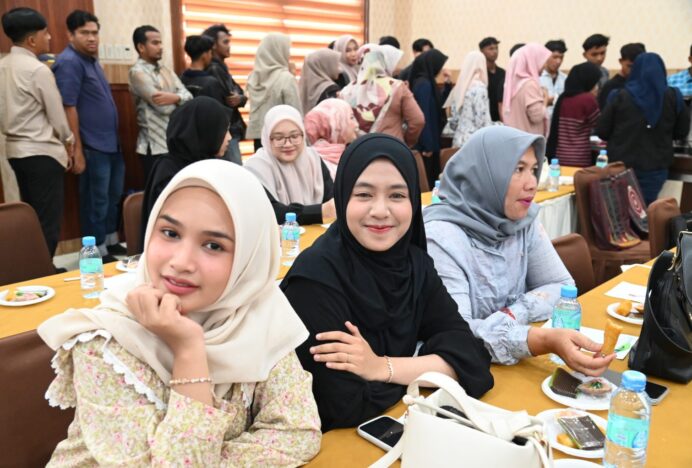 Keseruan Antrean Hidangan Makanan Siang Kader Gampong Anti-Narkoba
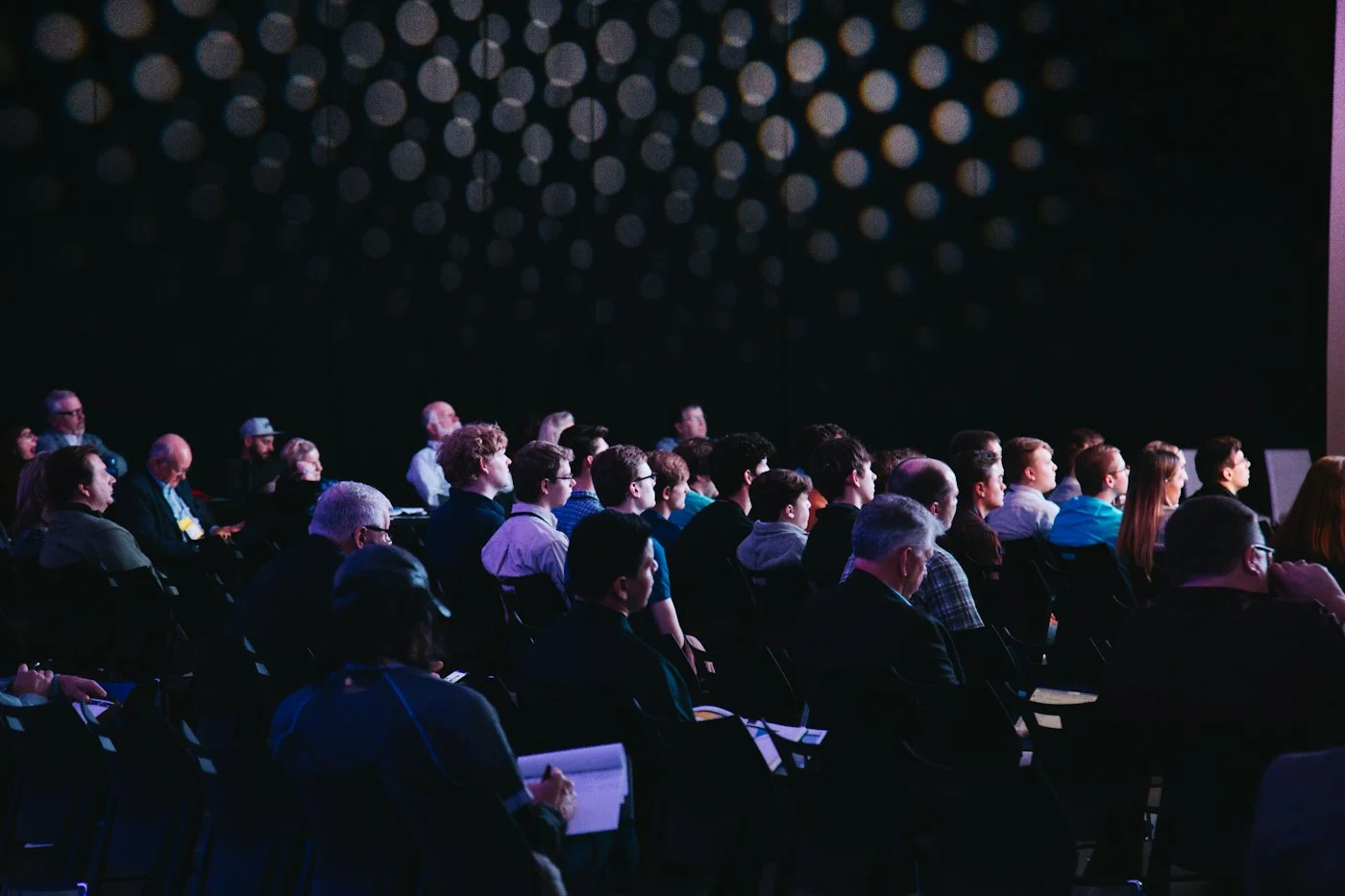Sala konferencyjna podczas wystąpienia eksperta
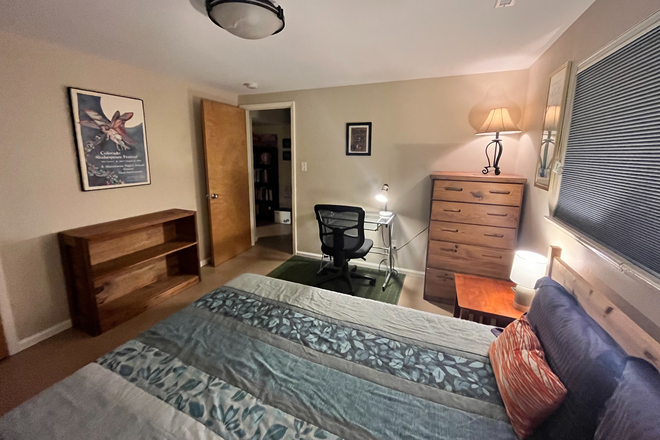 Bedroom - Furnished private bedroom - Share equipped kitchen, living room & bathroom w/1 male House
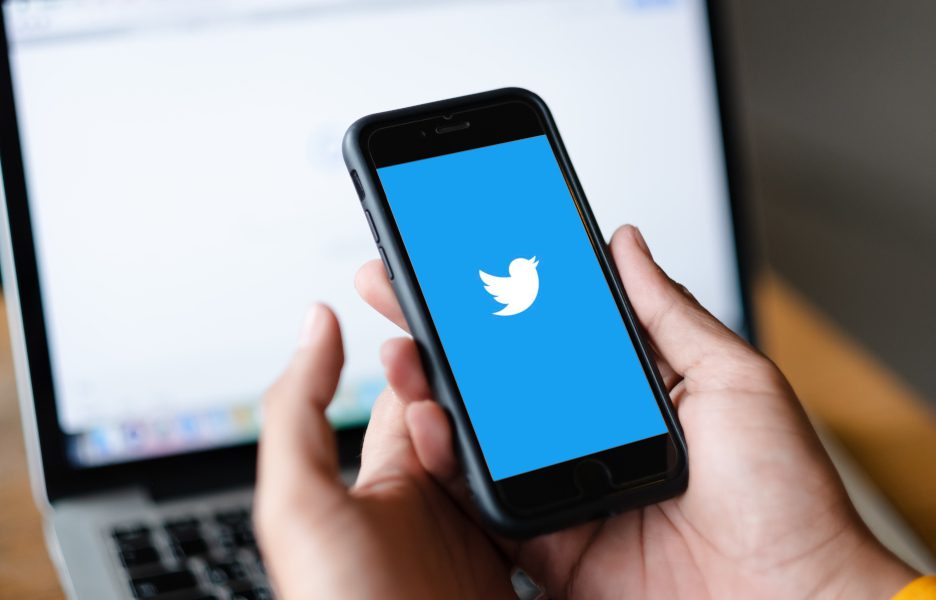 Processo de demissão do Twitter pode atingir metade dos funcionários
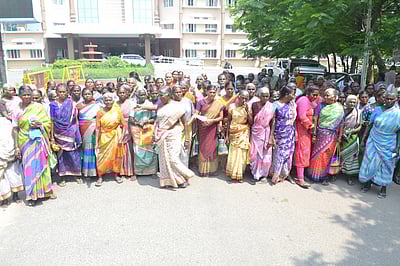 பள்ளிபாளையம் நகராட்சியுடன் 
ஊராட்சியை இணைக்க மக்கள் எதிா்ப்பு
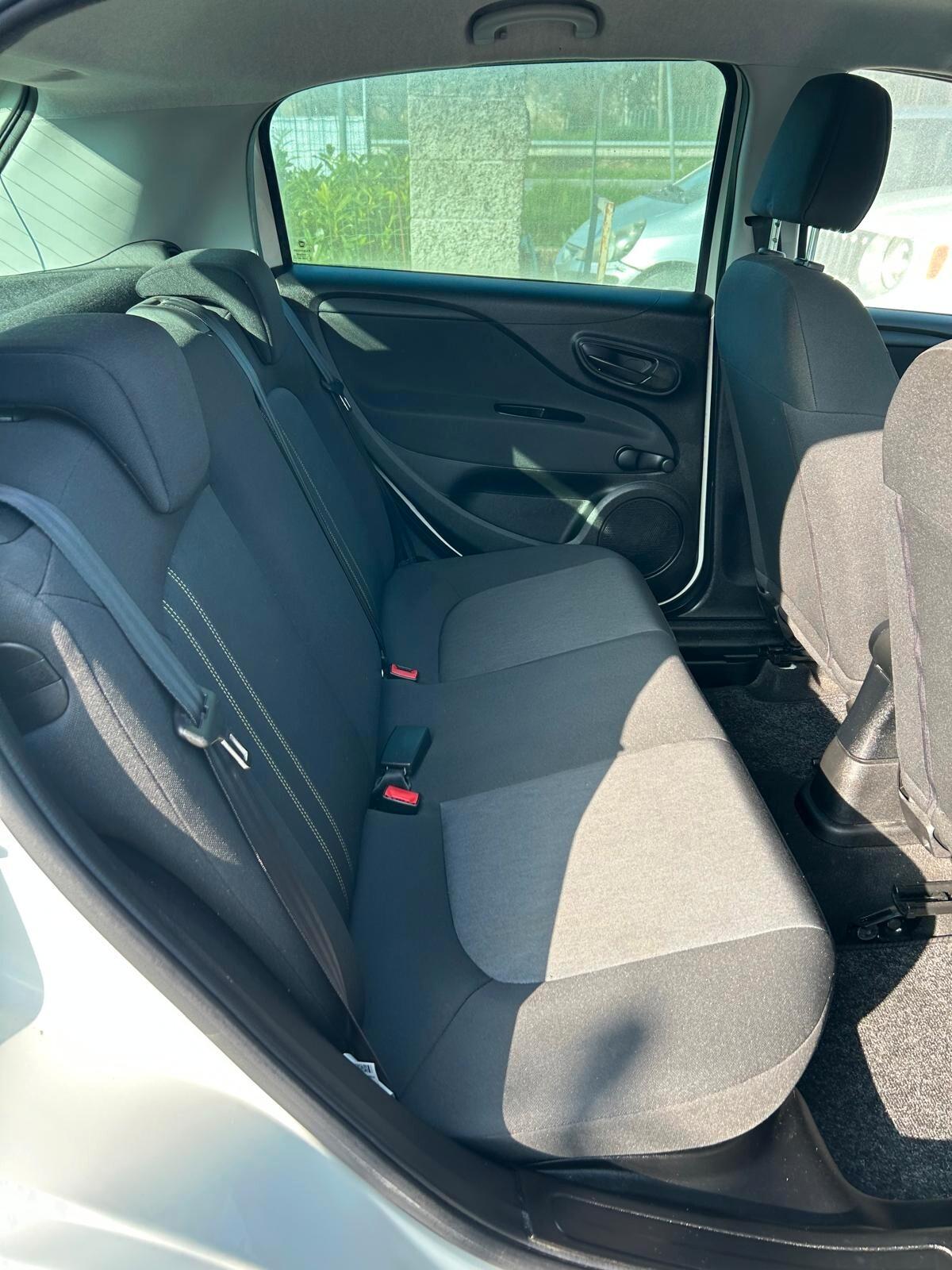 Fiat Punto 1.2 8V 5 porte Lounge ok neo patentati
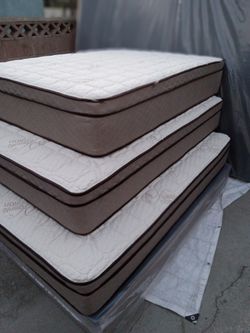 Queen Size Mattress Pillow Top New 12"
--
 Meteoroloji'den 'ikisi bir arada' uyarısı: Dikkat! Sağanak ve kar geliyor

* TO DO
Look above for the line with "Keseruan Antrean Hidangan" and copy exactly from it through the line with "Queen Size Mattress", both included. Omit the pictures.

* OUTPUT FOR THIS TASK
 Keseruan Antrean Hidangan Makanan Siang Kader Gampong Anti-Narkoba
Sala konferencyjna podczas wystąpienia eksperta
 Bedroom - Furnished private bedroom - Share equipped kitchen, living room & bathroom w/1 male House
 Processo de demissão do Twitter pode atingir metade dos funcionários
 பள்ளிபாளையம் நகராட்சியுடன் 
ஊராட்சியை இணைக்க மக்கள் எதிா்ப்பு
 Fiat Punto 1.2 8V 5 porte Lounge ok neo patentati
 Queen Size Mattress Pillow Top New 12"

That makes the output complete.